In 1983, the FCC stopped testing for First Class licenses and began issuing the General Radiotelephone Operator License (GROL). A GROL requires a one-time test, administered at about a dozen Commercial Operator License Examination Managers (COLEMs) nationwide. Once issued, a GROL is good for life. It’s not necessary for engineering jobs in radio and TV broadcasting, but a GROL is one of the most recognized and respected TV engineering credentials in the business.

Amateur Radio

Until the first commercial radio stations were licensed all radio stations were amateur, which is why the early radio pioneers had amateur radio-style call letters such as W2XBS. During World War I the US Congress ordered amateur radio operators to cease operation and dismantle their gear. The 1917 restrictions were lifted when the war ended, and amateur radio service restarted in October 1919. During the 1920s, amateur stations around the world began communicating.

During World War II, the US Congress once again suspended all amateur radio operations. After the war, amateur radio service was restored, and many hams converted war surplus radios to amateur use.

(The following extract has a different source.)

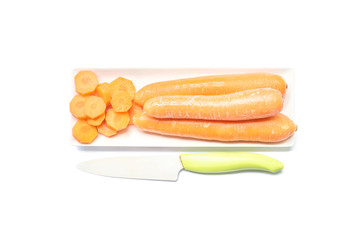 Closeup pile of cut carrot and fresh carrot on ceramic square plate with knife isolated on white background , prepare for cook concept with clipping path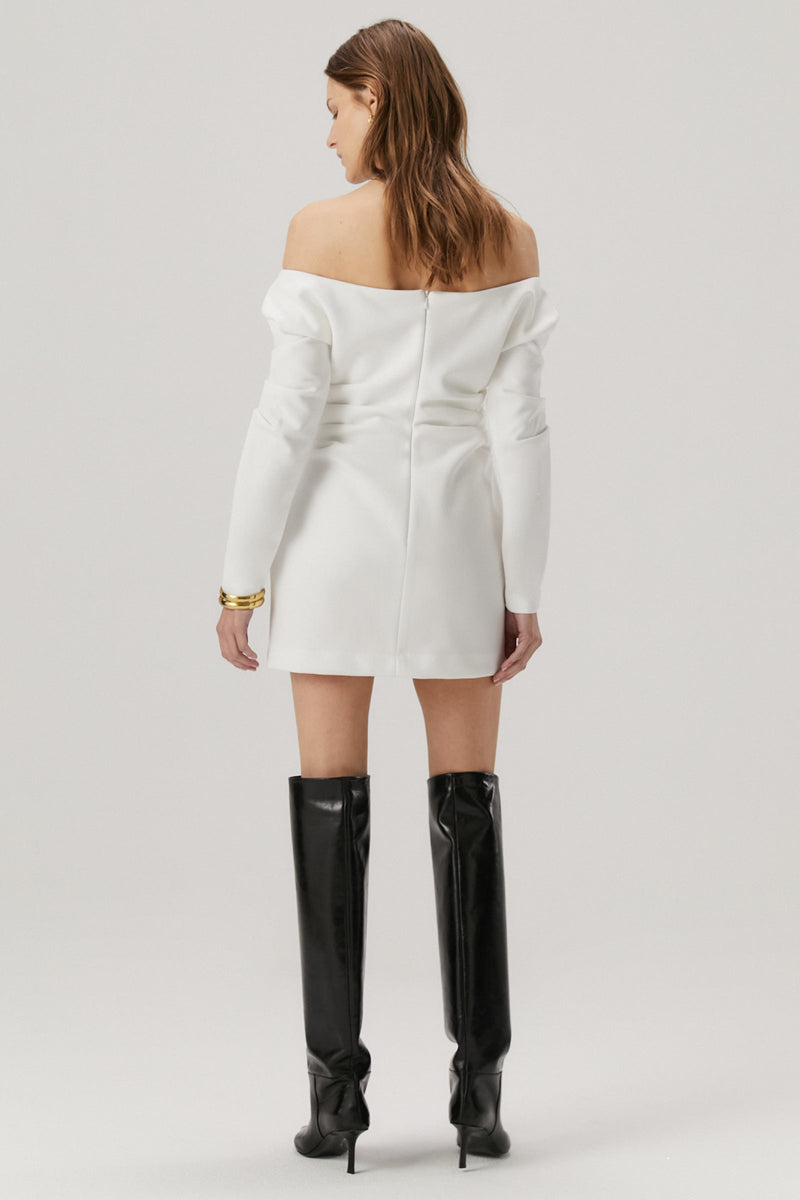 Girl with blonde hair wearing a bonded crepe dress in ivory. The dress features off the shoulder long sleeves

Like commercial operator licensing, amateur radio licenses also require passing a written test about electronics and rules. Many people who made radio and TV engineering a career began with an amateur radio license.

Television

In 1927, Philo Farnsworth transmitted the first TV image which was a simple straight line. In 1928, W2XB became the world’s first TV station. It was one of the first TV networks interconnected with W2XBS, the NBC station in New York City. Today W2XB is known as WRGB in Schenectady NY. By 1931, RCA had achieved 120 lines of TV resolution.

Farnsworth’s success motivated many other pioneering scientists, physicists, and inventors around the world to experiment with and develop various mechanical and electronic means to scan visual images and view them on a remote screen. Many were granted patents. In 1941, patent deals were made, US TV transmission and receiver standards were agreed upon, and NTSC and commercial TV were born. Following the war, amateur radio operators and military-trained electronics specialists returning home from active duty were in the right place at the right time to jump-start the fledgling local TV broadcasting industry.

Technical progress in analog TV was incremental. The original NTSC defined transmission standards for black and white signals. A second NTSC standard was adopted in 1953 describing the analog color system. It brilliantly allowed color TV to be compatible with existing black and white receivers and made color TV all electronic and easy to broadcast. The first national color TV broadcast was the Rose Bowl Parade on New Year’s Day, 1954.

Over the following decade, most TV content remained black and white because color TV sets and color production gear were expensive until the mid-1960s. The first all-color, prime-time, network season was in 1966. That year the average color TV set cost about $500, equivalent to about $4600 USD today. That same year, RCA was selling the new TR-70 quad VTR for $82,500, equal to approximately $760,000 USD today.

The Future

A century after Farnsworth’s original 1927 TV accomplishment of wirelessly transmitting a crude straight-line image to a receiver and display, will stations in 2027 be regularly broadcasting 4K, 8K, 16K, ATSC 4.0, private datacasting, the broadcast internet or what? TV broadcasters are the unique owners of tall towers and high-power transmitters that blanket an entire market with strong RF signals on relatively low frequencies compared to the mostly 1 GHz and higher frequencies of cellular service and Wi-Fi. Perhaps in 2027 most sports and entertainment will be streamed or carried on 5G to provide sufficient bandwidth for more profitable and secure ATSC wireless transmission of private data. Follow the money.